In a few short years, we’ve moved from “Can LIBOR be fixed?” to “What on earth will we replace it with?” to final timelines and transition plans. The risk of disruption was similar to the risk of that awkward Thanksgiving political argument: high. But thanks to strong leadership in the financial services industry, GSEs, and central banks, the markets that rely on stable sources of liquidity and coupon rates have a framework, deadline, and plan for transition to a new benchmark rate at the end of 2021.

7. We’re Thankful the Student Loan Industry Is Far from Boring!

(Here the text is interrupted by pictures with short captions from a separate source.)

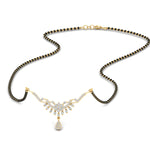 Load image into Gallery viewer, floral-drop-black-bead-diamond-mangalsutra-necklace-in-yellow-gold-mgs9082sleep-nl-yg.jpg?v=1785409386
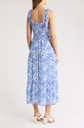 Vestido Maxi con estampado retro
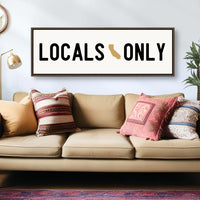Locals Only Sign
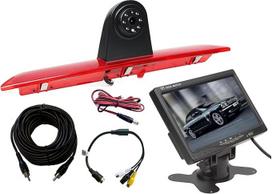 "Dolphin Automotive Ford Transit Jumbo" nuo 2014 m. Galinio vaizdo kamera su 7 colių prietaisų skydelio monitoriaus ekranu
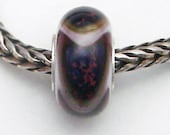 OOAKK Two Hue Silvered Dillo  - Troll Bracelet Bead (JUNE - 05)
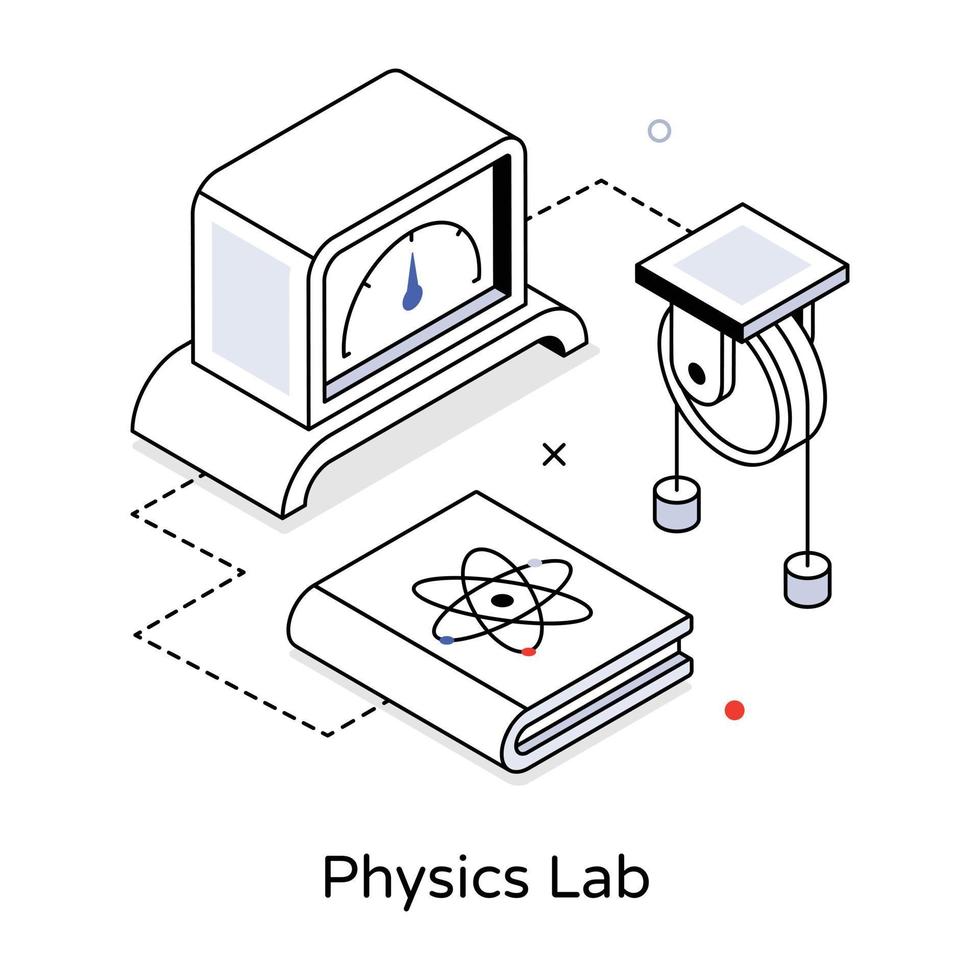 Trendy Physics Lab vector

This Thanksgiving, federal student loan borrowers (and many private student borrowers) can be thankful that the CARES Act and executive orders provide for the deferral of required payments through December 31, 2020. However, the deferral period is coming to an end (at some point) and student loan borrowers will have to resume payments. Yet, with the new administration coming aboard, proposed legislation in the House to allow bankruptcy discharges for student loans, and new student servicing laws in several states, 2021 promises to be an active year in the student loan arena – especially if the Biden administration seeks to cancel some amount of federally held debt.

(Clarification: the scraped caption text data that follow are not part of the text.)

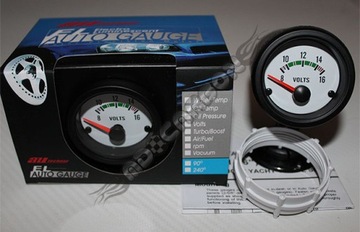 VDO взгляд БЕЛЫЕ часы Auto Gauge 52 мм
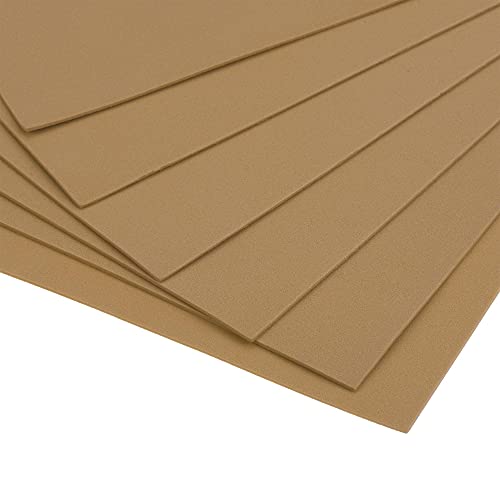 uxcell Light Brown EVA Foam Sheets 11 x 8 inch 1.7mm Thickness for Crafts DIY Projects, 12 Pcs - color: Light Brown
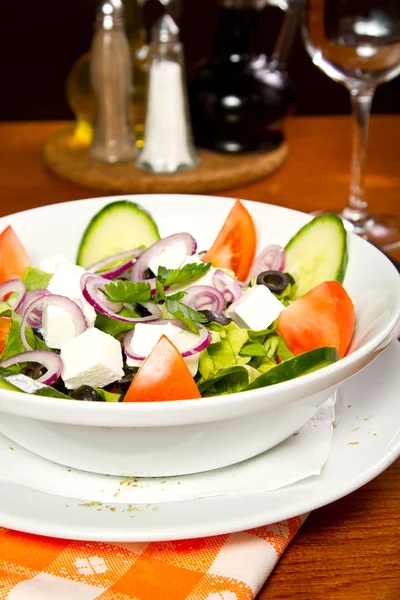 Greek salad — Stock Photo, Image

8. We’re Even Thankful for Recent Flood Guidance.

In June, nine long years after the last interagency Q&As, the OCC, FDIC, NUCA, Fed, and FCA released proposed Flood Q&As. Thankfully, the agencies put in extra work in the kitchen overhauling the organization of the Q&As into subject matter categories and also added new questions and answers addressing force placement of flood insurance, escrow of flood insurance premiums, and the detached structure exemption to the mandatory flood insurance purchase requirement. In November, HUD published a proposed revision to its Single Family Handbook that would allow lenders to accept certain private flood insurance policies on FHA-insured loans. We are always grateful for the opportunity to discuss the Q&As and proposed FHA rule changes with trade groups and flood insurance stakeholders across the industry in 2021, and we promise not to drone on like that one peculiar uncle.

9. The Consumer Lending Industry Is Very Thankful for Needed Regulatory Guidance in 2020.

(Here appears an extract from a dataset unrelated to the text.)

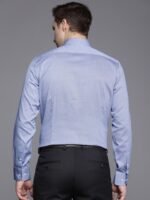 Louis Philippe Slim Fit Printed Pure Cotton Formal Shirt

This year the small dollar and unsecured consumer lending industry, including both banks and non-depository banks, saw some much-needed guidance from federal regulators. In a joint statement issued by the OCC, CFPB, Federal Reserve, FDIC, and NCUA, the federal financial institution regulatory agencies published a joint statement on March 26, 2020, “to specifically encourage financial institutions to offer responsible small-dollar loans to both consumers and small businesses.” The CFPB also issued guidance on COVID-19-related issues and compliance obligations for financial institutions, issued two sets of FAQs to address the new proposed Payday Lending Rule and rescinded part of the proposed rule, offered a common-sense approach to the definition of “abusive” under UDAAP, and issued several No Action Letters signaling a solid attempt at working with the industry on innovative ideas. The OCC, with the help of acting Comptroller of the Currency Brian Brooks, has been phenomenal in its forward thinking attempt to bring the traditional banking industry into the modern day fintech era by defining key terms that have tied many banking institutions and related partners up in unnecessary litigation, including the Madden Fix (aka Valid When Made and True Lender). Most recently, the OCC last week proposed a rule to ensure fair access to banking services provided by banks providing some much-needed relief from the prior administration’s Operation Chokepoint. Clear regulatory guidance helps our clients and the industry avoid pitfalls and establish solid compliance programs, a win-win for both sides. Overall there is much to be thankful for!

10. We Are Thankful for You!

Of all the things we are grateful for this year, we are especially thankful for you – our friends and clients. While we’ve missed seeing and connecting with you in person over the last several months, we look forward to more joyful days ahead. From the Bradley family to yours, we wish you a safe and healthy holiday season!

DISCLAIMER: Because of the generality of this update, the information provided herein may not be applicable in all situations and should not be acted upon without specific legal advice based on particular situations.